With this post, I begin a new series - an authoritative review of court case law on factoring. I will post cyclical reviews probably every six months. I will select for you rulings that should be considered relevant and interesting from the point of view of the factoring industry. I start with the rulings issued in the first half of 2018.
Judgment of the Court of Appeals in Katowice on 13.04.2018 (I ACa 1059/17) -> effectiveness of order cancellation against the factor (annihilation of the claim)

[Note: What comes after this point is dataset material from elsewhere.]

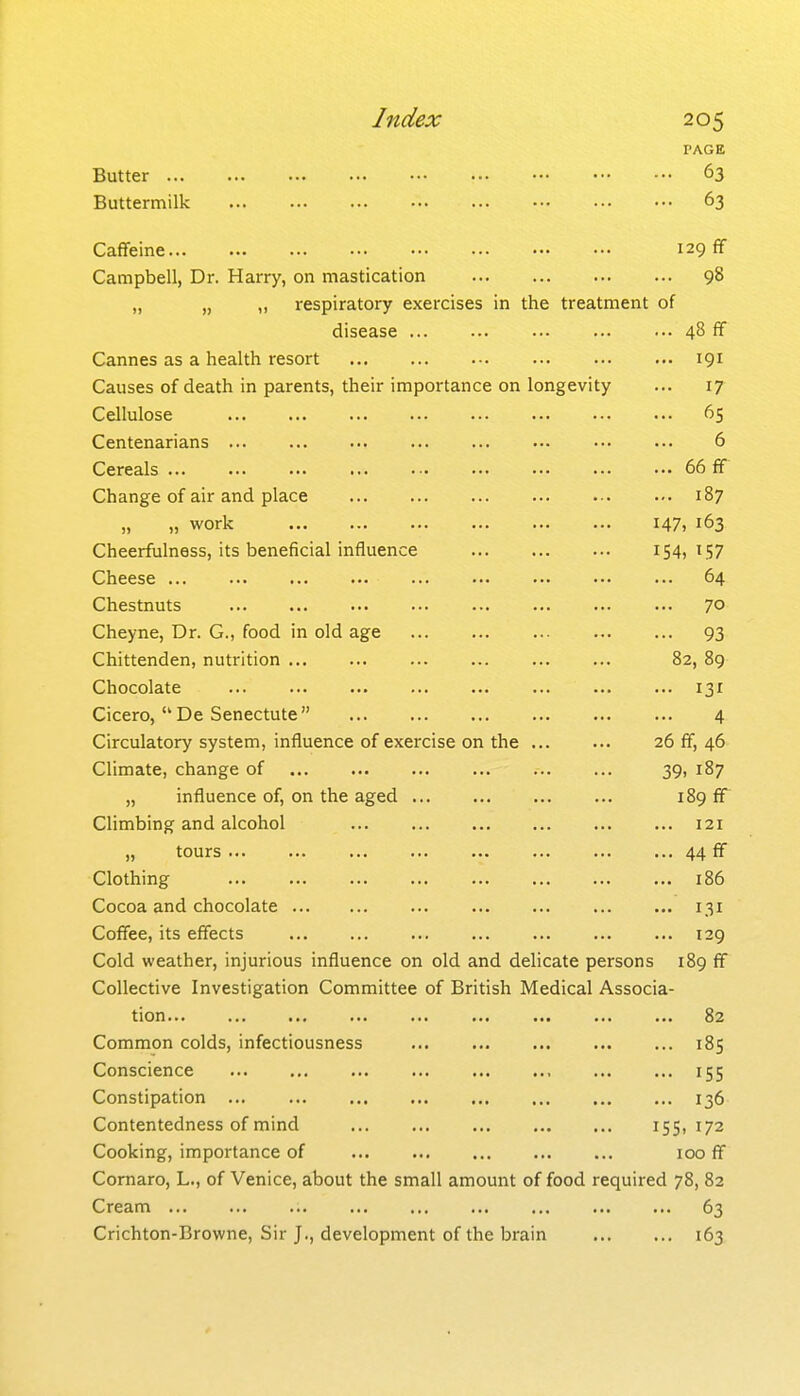 PAGE Butter 63 Buttermilk 63 Caffeine 129 ff Campbell, Dr. Harry, on mastication 98 „ „ ,, respiratory exercises in the treatment of disease 48 ff Cannes as a health resort 191 Causes of death in parents, their importance on longevity ... 17 Cellulose 65 Centenarians 6 Cereals 66 ff Change of air and place 187 „ „ work 147. 163 Cheerfulness, its beneficial influence 154,157 Cheese 64 Chestnuts ... 70 Cheyne, Dr. G., food in old age 93 Chittenden, nutrition 82, 89 Chocolate 131 Cicero, De Senectute 4 Circulatory system, influence of exercise on the 26 ff, 46 Climate, change of 39, 187 „ influence of, on the aged 189 ff Climbing and alcohol 121 „ tours 44 ff Clothing 186 Cocoa and chocolate 131 Coffee, its effects 129 Cold weather, injurious influence on old and delicate persons 189 ff Collective Investigation Committee of British Medical Associa- tion ... 82 Common colds, infectiousness 185 Conscience 155 Constipation ... 136 Contentedness of mind 155,172 Cooking, importance of 100 ff Comaro, L., of Venice, about the small amount of food required 78, 82 Cream 63 Crichton-Browne, Sir J., development of the brain 163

The above judgment should serve as a warning to the factoring industry. It raises the issue of the typical factor's risk of annihilation of the claim by the debtor in agreement with the factor - behind the factor's back. In the case in question, this occurred in the form of cancellation of the order and issuance of a correction invoice for the entire value of the order of about PLN 124,000. At the same time, the factor neglected to notify the factor of the correction, despite the fact that it had previously obtained financing (advance payment) for the original value of the invoice. Such a construction takes the form of a civil dispute, and often a factoring fraud. The factor lost this case against the debtor (recipient). In the opinion of the Court of Appeals, the debtor cannot bear the legal consequences of the factor's omissions, and hence is not liable for payment of the adjusted invoice purchased by the factor. "The nail in the coffin" for the factor was the Court's recognition that the claimant's claim does not deserve recognition also on the grounds that it is contrary to the principles of social intercourse. The ruling clearly underscores the importance of using carefully prepared factoring documentation that takes into account factoring fraud risks and responding dynamically to suspected fraud.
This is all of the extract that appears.